Ora, isto é praticamente o oposto do tipo de religião regida por regras e totalmente implacável que a maioria das pessoas associa ao calvinismo, mas em sua mente estava ligada à predestinação, de uma forma muito inesperada. Porque a predestinação implica a liberdade irrestrita de Deus, Ele pode escolher salvar aqueles que o mundo e as suas regras – até mesmo a igreja com suas regras – podem condenar. O pródigo nesses dois livros, Jack Boughton, fez coisas terríveis e, ao longo de todo o livro, continua machucando todos que o amam. No entanto, é quase impossível não sofrer com ele.
Eu queria muito, quando escrevi o personagem Jack, [criar] um personagem que seria muito doloroso às pessoas serem capazes de dispensar, com a suposição de que se alguém não pudesse dispensá-lo, também não haveria razão para acreditar que Deus também iria querer dispensá-lo.
Esse tipo de perspectiva explicitamente teológica é raro nos romances modernos. Mas ela não deve por um momento ser confundida com o tipo de realização de desejos brega comercializado em livrarias "cristãs". Graça, esperança e amor invadem seus romances, mas o véu sempre retorna e o mundo aparece novamente em sua desesperança acostumada. Às vezes, a tristeza é quase insuportável. Sentei-me em um trem de passageiros chorando em público enquanto relia o final de Home.
Talvez um reconhecimento sério da miséria do mundo esteja no cerne do seu propósito estético. Pouco antes de falar sobre a planície, John Ames, o velho pastor que citei anteriormente, diz o seguinte:
Há duas ocasiões em que a sagrada beleza da Criação se torna deslumbrantemente visível, e ambas acontecem juntas. Uma delas é quando sentimos a nossa insuficiência mortal com relação ao mundo; e a outra é quando sentimos a insuficiência mortal do mundo com relação a nós. Agostinho diz que o Senhor ama a cada um de nós como a um filho único, e isto tem de ser verdade. “E assim enxugará o Senhor Deus as lágrimas de todos os rostos.” O versículo não perde nada do seu tom amoroso se dissermos que é exatamente assim que as coisas devem ser.
O que importa, porém, em um contexto religioso, é que ela não busca fazer distinção entre o propósito estético e o teológico:
Calvino tornou a vida interior fantasticamente interessante, porque ele afirma que ela é o modelo mais claro que temos da natureza de Deus... Você sabe, ele disse, "para encontrar Deus, desça para dentro de si mesmo." Podemos conhecer a Deus porque compartilhamos qualidades que Calvino atribui a Deus... É o brilho da mente, o brilho dos sentidos, e assim por diante, que é a grande demonstração da divindade do homem.
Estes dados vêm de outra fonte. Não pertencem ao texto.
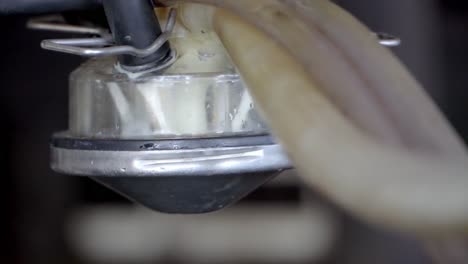 Filling-Milk-Container-From-Robotic-Milking-System,-Close-up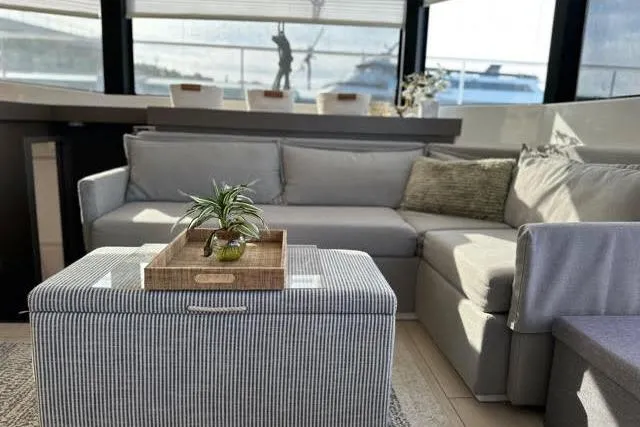 Wander Twins Yacht Photos Pics Luxurious interior of 2023 Leopard 46 PC yacht with modern gray seating and decor.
Calvino, diz ela, quando traduziu o salmo oito, não escreveu que o homem era pouco inferior aos anjos, mas que ele era apenas um pouco inferior a Deus. Parte disso, era sua iconoclastia e sua ânsia de varrer todos os acréscimos medievais que humanizavam a fé dos pais do deserto. Mas grande parte do impulso, também foi varrer tudo o que separava o homem de Deus, para que pudéssemos ficar tão próximos dele quanto uma natureza separada permite. O romance, então, trazendo a glória e a tristeza do mundo aos nossos olhos até que estejam cheios a transbordar, também traz Deus para lá.